Dataset extract
BEGIN

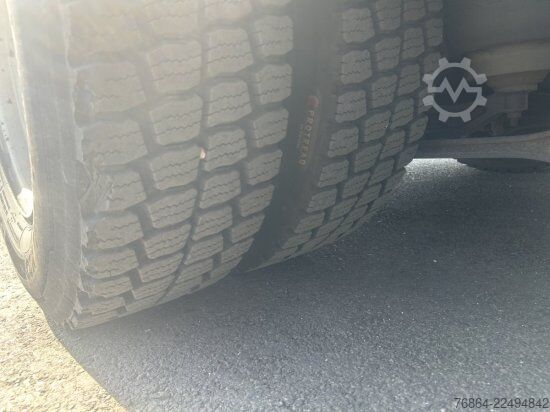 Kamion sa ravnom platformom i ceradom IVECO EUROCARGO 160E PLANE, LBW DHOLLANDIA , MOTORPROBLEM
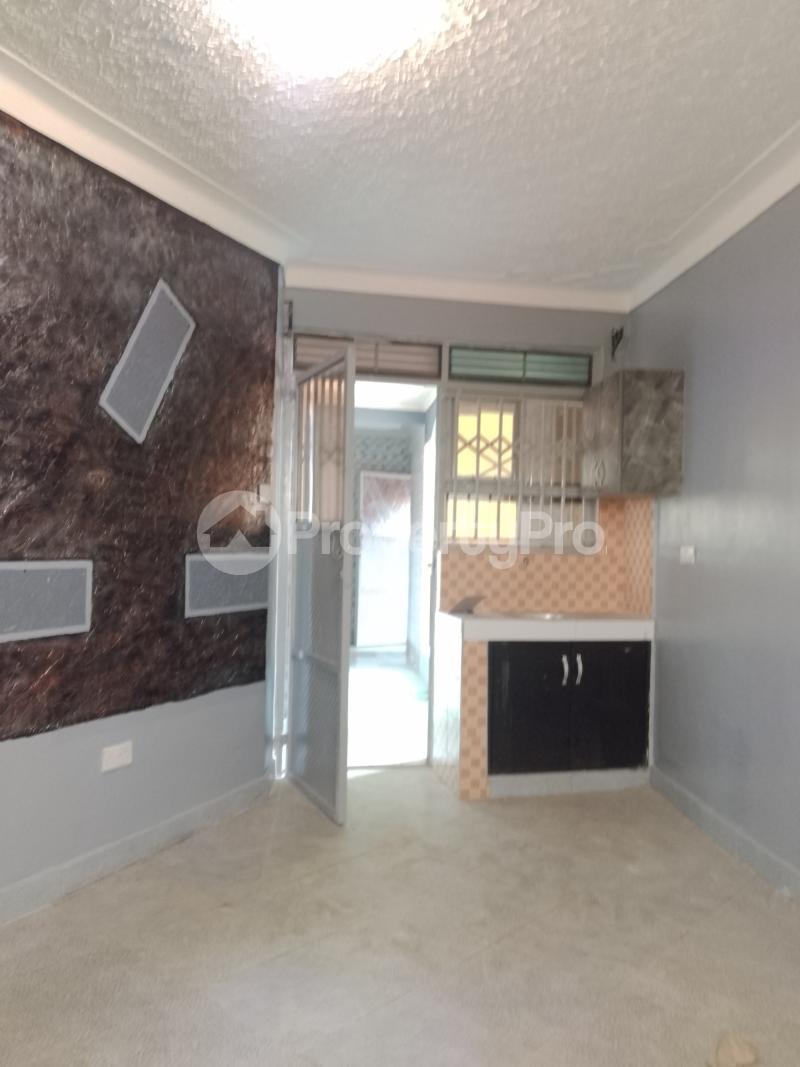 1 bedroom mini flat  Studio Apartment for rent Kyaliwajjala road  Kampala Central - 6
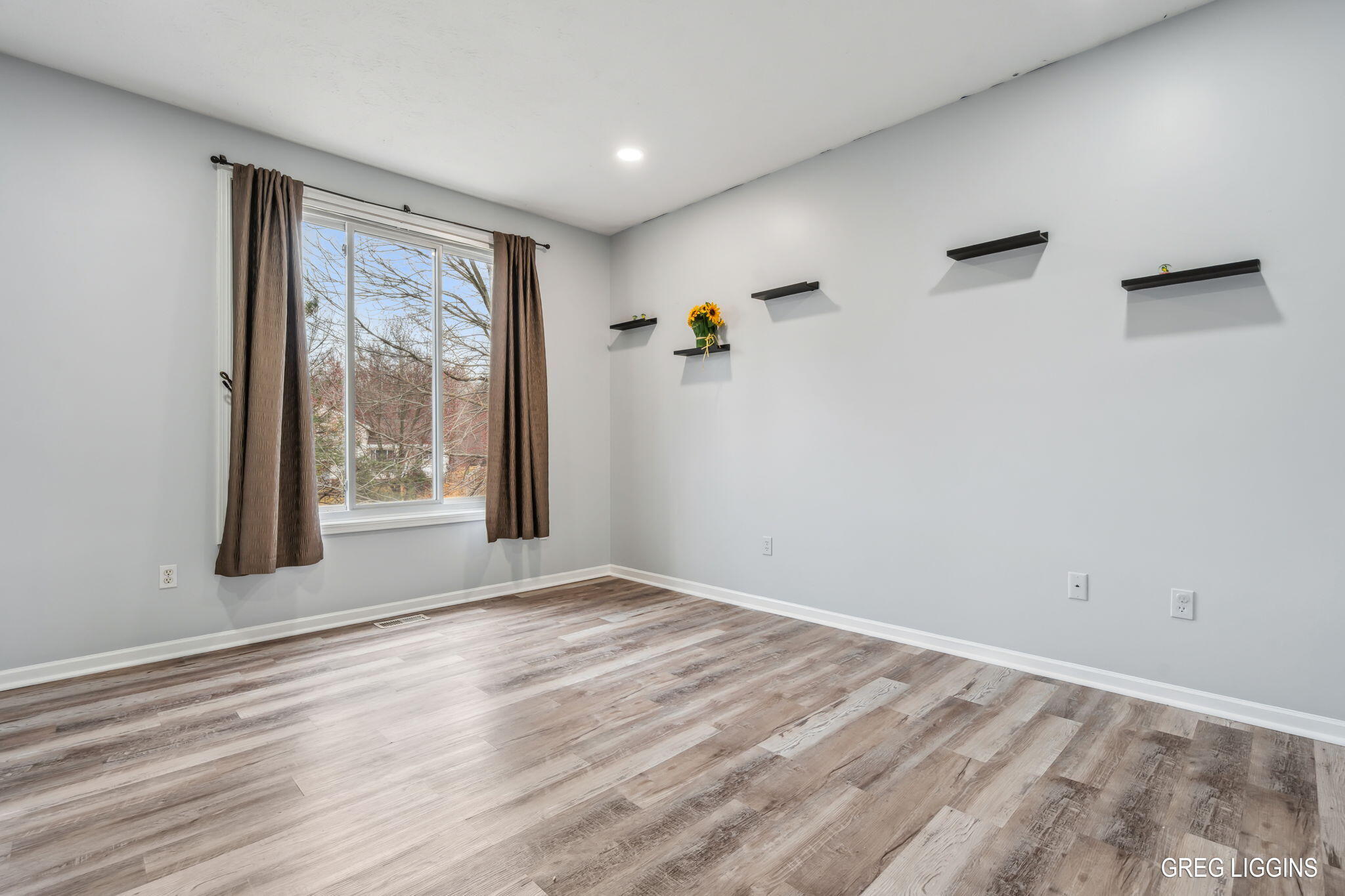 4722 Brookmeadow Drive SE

END

Work task
Repeat the data exactly, excluding the pictures.

Response box
 Kamion sa ravnom platformom i ceradom IVECO EUROCARGO 160E PLANE, LBW DHOLLANDIA , MOTORPROBLEM
 1 bedroom mini flat  Studio Apartment for rent Kyaliwajjala road  Kampala Central - 6
 4722 Brookmeadow Drive SE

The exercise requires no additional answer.